> _What the exercise asks_
Leave the pictures out, and transcribe the material below exactly from the line with "Gothic Haunted House Halloween Area Rug" to the line with "Bloomingdale's Fine Collection", both lines included.

> _Input data_
********************
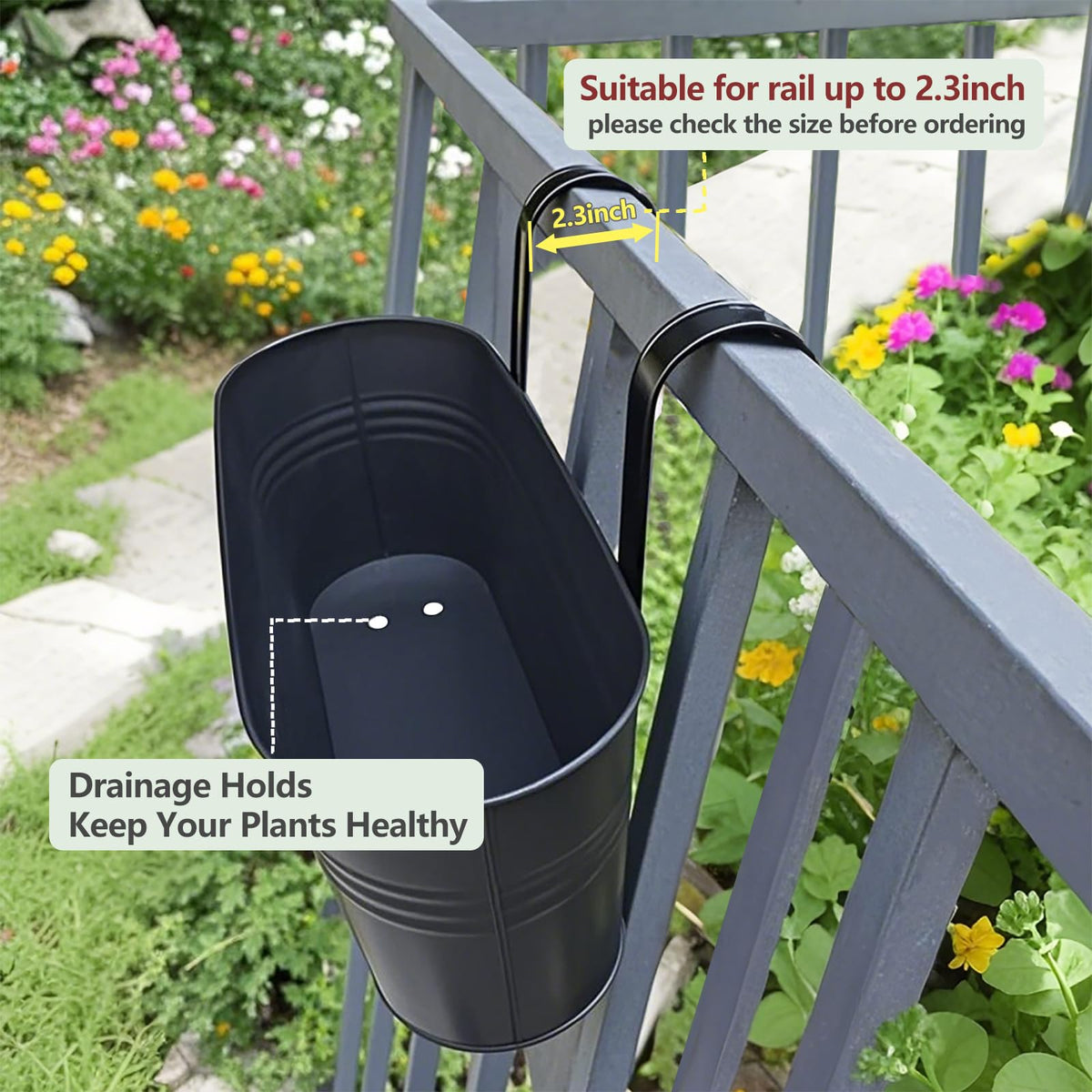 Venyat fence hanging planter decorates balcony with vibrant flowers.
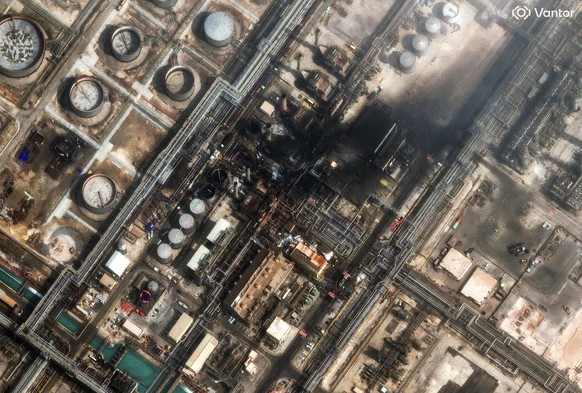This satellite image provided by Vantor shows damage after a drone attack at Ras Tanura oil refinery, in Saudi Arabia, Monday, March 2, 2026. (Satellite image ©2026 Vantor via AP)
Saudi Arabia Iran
********************
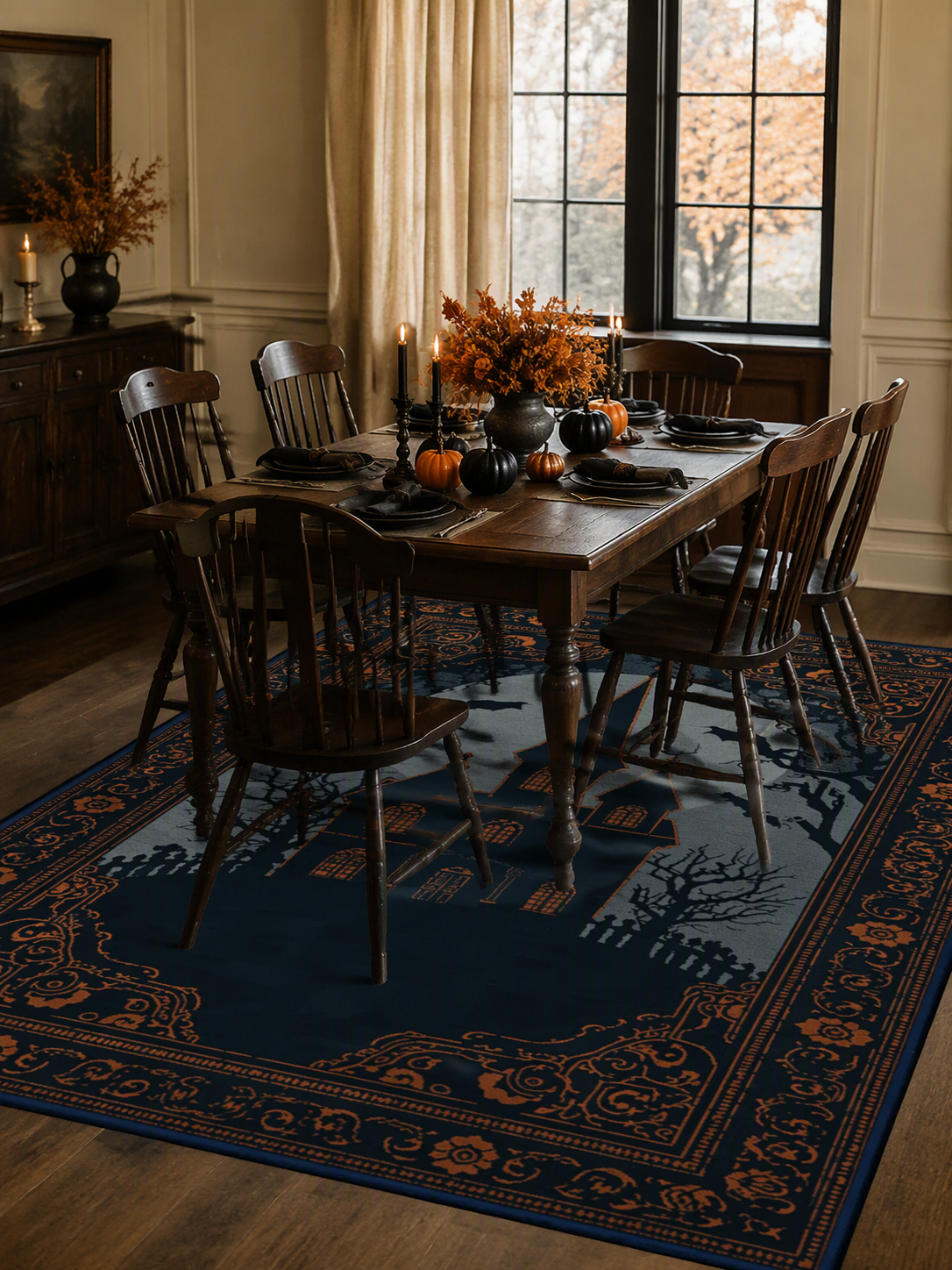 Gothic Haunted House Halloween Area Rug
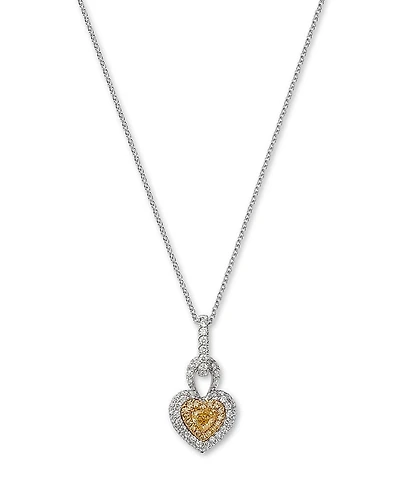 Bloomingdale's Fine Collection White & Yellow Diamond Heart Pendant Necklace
********************
> _Worked solution_
 Gothic Haunted House Halloween Area Rug
 Bloomingdale's Fine Collection White & Yellow Diamond Heart Pendant Necklace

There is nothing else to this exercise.